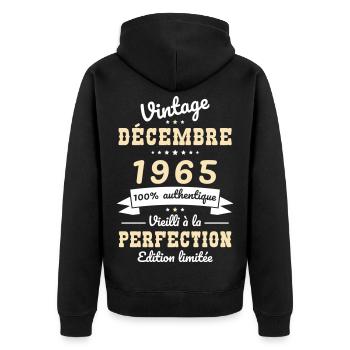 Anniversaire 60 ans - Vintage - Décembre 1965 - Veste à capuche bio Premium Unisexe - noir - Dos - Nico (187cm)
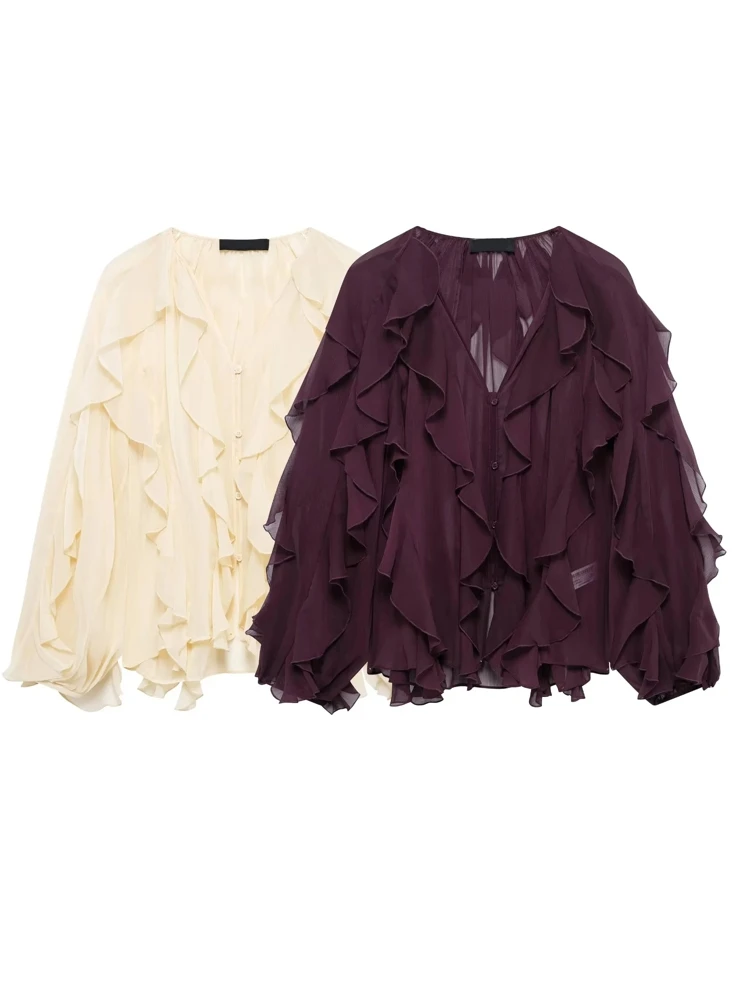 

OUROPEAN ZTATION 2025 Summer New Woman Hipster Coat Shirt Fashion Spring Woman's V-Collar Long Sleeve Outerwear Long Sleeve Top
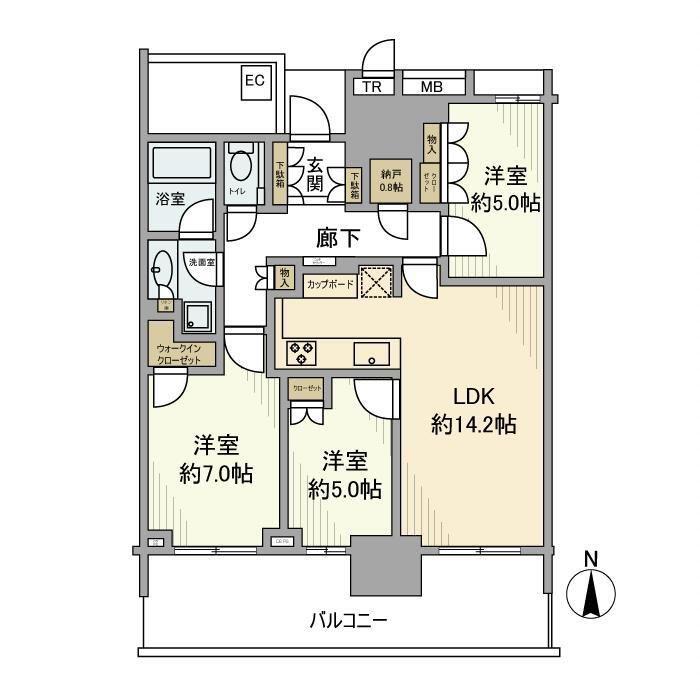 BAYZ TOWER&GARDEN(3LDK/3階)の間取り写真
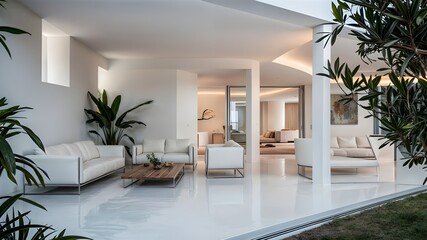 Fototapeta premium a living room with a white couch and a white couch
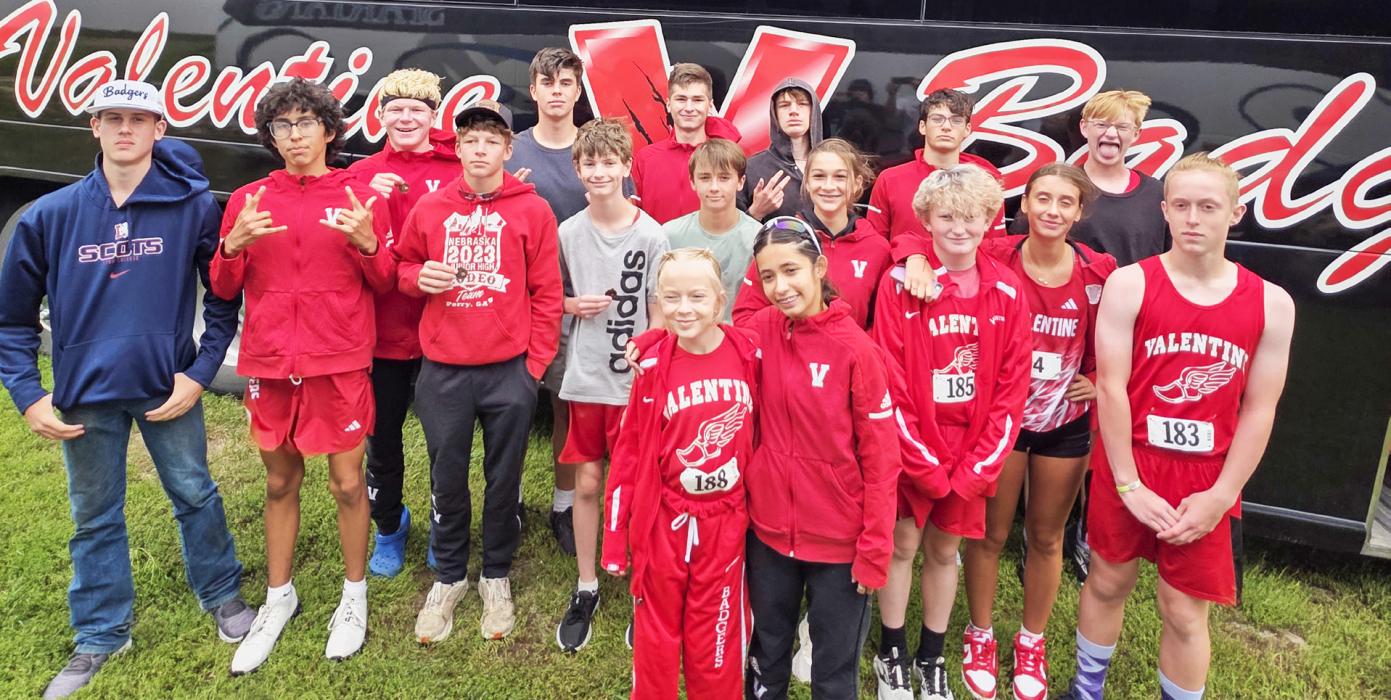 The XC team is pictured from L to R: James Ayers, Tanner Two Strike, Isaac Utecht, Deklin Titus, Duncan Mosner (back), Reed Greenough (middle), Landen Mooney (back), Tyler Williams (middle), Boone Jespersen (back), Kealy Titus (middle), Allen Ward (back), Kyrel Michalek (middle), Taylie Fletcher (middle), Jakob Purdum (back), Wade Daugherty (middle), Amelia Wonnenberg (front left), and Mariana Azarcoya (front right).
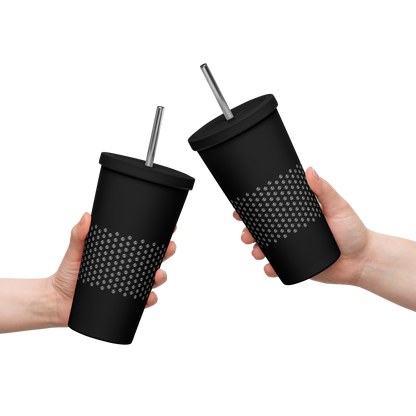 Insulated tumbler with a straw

---

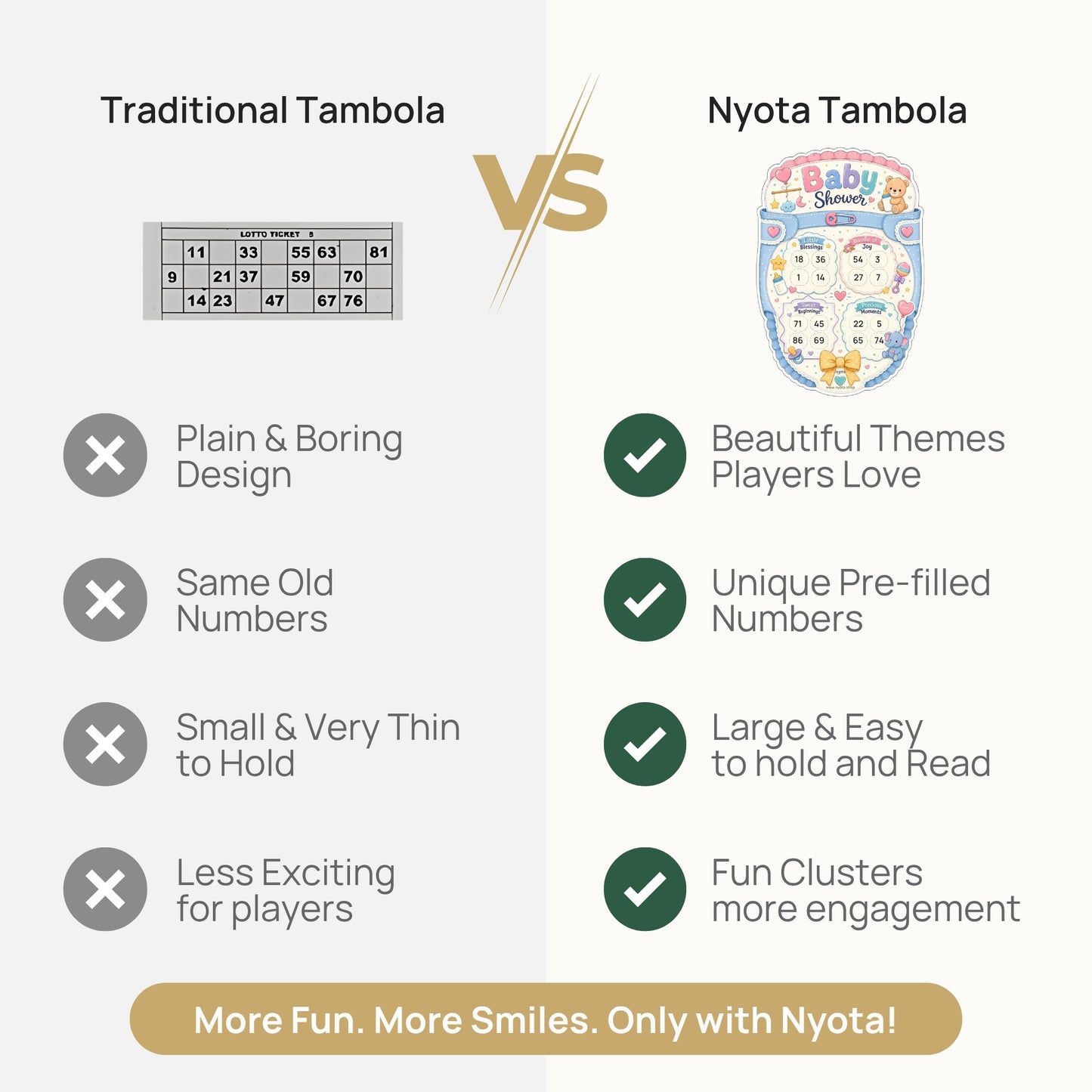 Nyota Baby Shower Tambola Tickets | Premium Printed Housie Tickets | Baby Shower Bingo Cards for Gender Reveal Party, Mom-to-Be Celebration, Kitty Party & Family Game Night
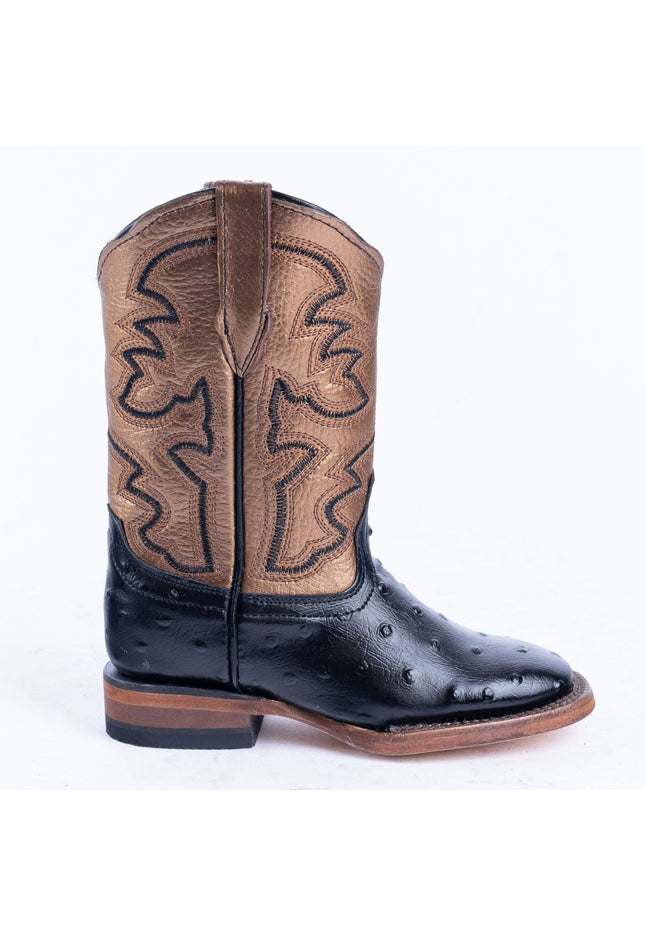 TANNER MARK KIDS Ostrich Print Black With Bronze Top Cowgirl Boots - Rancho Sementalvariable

- [Task goal]:
In the listing above, find the line containing "Anniversaire 60 ans" and the line containing "Insulated tumbler with a straw". Print those two lines and every line between them exactly, with no pictures.

- [Response to the task]:
 Anniversaire 60 ans - Vintage - Décembre 1965 - Veste à capuche bio Premium Unisexe - noir - Dos - Nico (187cm)

OUROPEAN ZTATION 2025 Summer New Woman Hipster Coat Shirt Fashion Spring Woman's V-Collar Long Sleeve Outerwear Long Sleeve Top
 BAYZ TOWER&GARDEN(3LDK/3階)の間取り写真
 Fototapeta premium a living room with a white couch and a white couch
 The XC team is pictured from L to R: James Ayers, Tanner Two Strike, Isaac Utecht, Deklin Titus, Duncan Mosner (back), Reed Greenough (middle), Landen Mooney (back), Tyler Williams (middle), Boone Jespersen (back), Kealy Titus (middle), Allen Ward (back), Kyrel Michalek (middle), Taylie Fletcher (middle), Jakob Purdum (back), Wade Daugherty (middle), Amelia Wonnenberg (front left), and Mariana Azarcoya (front right).
 Insulated tumbler with a straw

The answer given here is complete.